P.: Podemos, assim, dizer que o lema “somente a graça” repercutiu também fora dos muros da Igreja? R.: Ele perpassou e ainda perpassa (sem que nós, talvez, o percebemos) todas as esferas da vida humana, também em nossos dias. Sendo que o tema é amplo, vou usar o exemplo de Schwäbisch Hall, uma pequena cidade na Alemanha, de aproximadamente 37.000 habitantes, onde moro. Em Schwäbisch Hall, professores e professoras comemoraram a Reforma, porque o Reformador dessa cidade e da região – Johannes Brez –, quando foi chamado pelos líderes comunitários, em 1521, exigiu o seguinte: “Nenhum centavo será investido em muros, cercas ou armas, antes que todas as crianças de todas as famílias estejam frequentando a escola”. Essa decisão valorizou o ensino e professores e professoras alemães, algo que repercute até os nossos dias. Naqueles mesmos anos, o Brasil iniciava uma economia baseada na escravidão, enquanto as escolas públicas foram proibidas pela Coroa de Portugal até o ano de 1827. Lutero, por sua vez, escreveu duas cartas aos governadores territoriais que apoiaram a Reforma, pedindo que construíssem escolas para todas as crianças de todas as famílias, o que alavancou o desenvolvimento e a qualidade de vida nas regiões protestantes do norte europeu.

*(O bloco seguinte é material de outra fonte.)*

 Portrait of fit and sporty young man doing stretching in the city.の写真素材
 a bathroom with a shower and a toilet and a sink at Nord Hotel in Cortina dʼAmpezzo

P.: A Teologia da Graça também teve influência sobre o trabalho profissional das pessoas? R.: Em Schwäbisch Hall também os sindicatos de trabalhadores celebram os 500 Anos da Reforma, porque antes da Reforma entendia-se que somente os clérigos serviam a Deus, ou seja, os bispos, os padres, os monges, as freiras. Foi por causa desse entendimento que o jovem estudante de direito Lutero, quando foi surpreendido por um temporal com raios, prometeu: “Salva-me, Santa Ana, e vou ser monge” (vou servir a Deus no convento, vou ser uma pessoa boa). Mais tarde, ele diria: “Todo trabalho realizado com responsabilidade é serviço a Deus”. Ele exemplificou essa afirmação com a menina que balança o berço para ninar o irmãozinho ou a agricultora que limpa o estábulo depois da ordenha. Ambas estão servindo a Deus, porque estão realizando um trabalho que favorece outras pessoas. O Reformador também criou o termo BERUF = VOCAÇÃO, para dizer que Deus concede habilidades às pessoas e que as vocaciona, por meio dessas habilidades, para servirem aos seus semelhantes. Esses ensinamentos criaram novo conceito do trabalho, valorizaram-no e valorizam os trabalhadores de todos os ofícios.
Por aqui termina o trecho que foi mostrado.